======== PROVIDED INFORMATION

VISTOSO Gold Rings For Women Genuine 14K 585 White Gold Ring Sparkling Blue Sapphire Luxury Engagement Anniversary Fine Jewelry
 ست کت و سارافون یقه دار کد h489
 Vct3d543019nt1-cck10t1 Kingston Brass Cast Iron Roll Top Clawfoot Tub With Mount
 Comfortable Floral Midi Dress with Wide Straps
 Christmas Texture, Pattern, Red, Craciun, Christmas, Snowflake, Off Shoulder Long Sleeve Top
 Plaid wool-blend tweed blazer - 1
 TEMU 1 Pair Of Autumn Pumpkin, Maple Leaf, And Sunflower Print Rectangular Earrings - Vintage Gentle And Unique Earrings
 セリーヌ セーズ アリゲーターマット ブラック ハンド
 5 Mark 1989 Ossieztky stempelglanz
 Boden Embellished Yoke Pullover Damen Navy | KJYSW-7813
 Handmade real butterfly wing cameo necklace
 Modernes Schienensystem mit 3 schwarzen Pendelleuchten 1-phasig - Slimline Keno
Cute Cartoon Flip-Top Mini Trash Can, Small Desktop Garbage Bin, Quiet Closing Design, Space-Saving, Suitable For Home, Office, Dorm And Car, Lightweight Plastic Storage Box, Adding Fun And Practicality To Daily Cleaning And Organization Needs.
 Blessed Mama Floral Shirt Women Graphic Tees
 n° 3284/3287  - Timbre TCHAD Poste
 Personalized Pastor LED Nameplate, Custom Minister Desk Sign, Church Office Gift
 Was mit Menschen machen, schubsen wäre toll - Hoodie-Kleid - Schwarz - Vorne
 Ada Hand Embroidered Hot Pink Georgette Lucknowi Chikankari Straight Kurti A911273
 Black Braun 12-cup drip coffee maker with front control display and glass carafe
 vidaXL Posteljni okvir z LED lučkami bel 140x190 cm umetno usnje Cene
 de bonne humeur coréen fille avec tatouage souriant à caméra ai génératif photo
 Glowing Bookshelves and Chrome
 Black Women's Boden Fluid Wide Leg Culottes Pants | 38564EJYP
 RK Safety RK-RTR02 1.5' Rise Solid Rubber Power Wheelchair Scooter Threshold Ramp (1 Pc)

================

Once more, print all the records exactly.

VISTOSO Gold Rings For Women Genuine 14K 585 White Gold Ring Sparkling Blue Sapphire Luxury Engagement Anniversary Fine Jewelry
 ست کت و سارافون یقه دار کد h489
 Vct3d543019nt1-cck10t1 Kingston Brass Cast Iron Roll Top Clawfoot Tub With Mount
 Comfortable Floral Midi Dress with Wide Straps
 Christmas Texture, Pattern, Red, Craciun, Christmas, Snowflake, Off Shoulder Long Sleeve Top
 Plaid wool-blend tweed blazer - 1
 TEMU 1 Pair Of Autumn Pumpkin, Maple Leaf, And Sunflower Print Rectangular Earrings - Vintage Gentle And Unique Earrings
 セリーヌ セーズ アリゲーターマット ブラック ハンド
 5 Mark 1989 Ossieztky stempelglanz
 Boden Embellished Yoke Pullover Damen Navy | KJYSW-7813
 Handmade real butterfly wing cameo necklace
 Modernes Schienensystem mit 3 schwarzen Pendelleuchten 1-phasig - Slimline Keno
Cute Cartoon Flip-Top Mini Trash Can, Small Desktop Garbage Bin, Quiet Closing Design, Space-Saving, Suitable For Home, Office, Dorm And Car, Lightweight Plastic Storage Box, Adding Fun And Practicality To Daily Cleaning And Organization Needs.
 Blessed Mama Floral Shirt Women Graphic Tees
 n° 3284/3287  - Timbre TCHAD Poste
 Personalized Pastor LED Nameplate, Custom Minister Desk Sign, Church Office Gift
 Was mit Menschen machen, schubsen wäre toll - Hoodie-Kleid - Schwarz - Vorne
 Ada Hand Embroidered Hot Pink Georgette Lucknowi Chikankari Straight Kurti A911273
 Black Braun 12-cup drip coffee maker with front control display and glass carafe
 vidaXL Posteljni okvir z LED lučkami bel 140x190 cm umetno usnje Cene
 de bonne humeur coréen fille avec tatouage souriant à caméra ai génératif photo
 Glowing Bookshelves and Chrome
 Black Women's Boden Fluid Wide Leg Culottes Pants | 38564EJYP
 RK Safety RK-RTR02 1.5' Rise Solid Rubber Power Wheelchair Scooter Threshold Ramp (1 Pc)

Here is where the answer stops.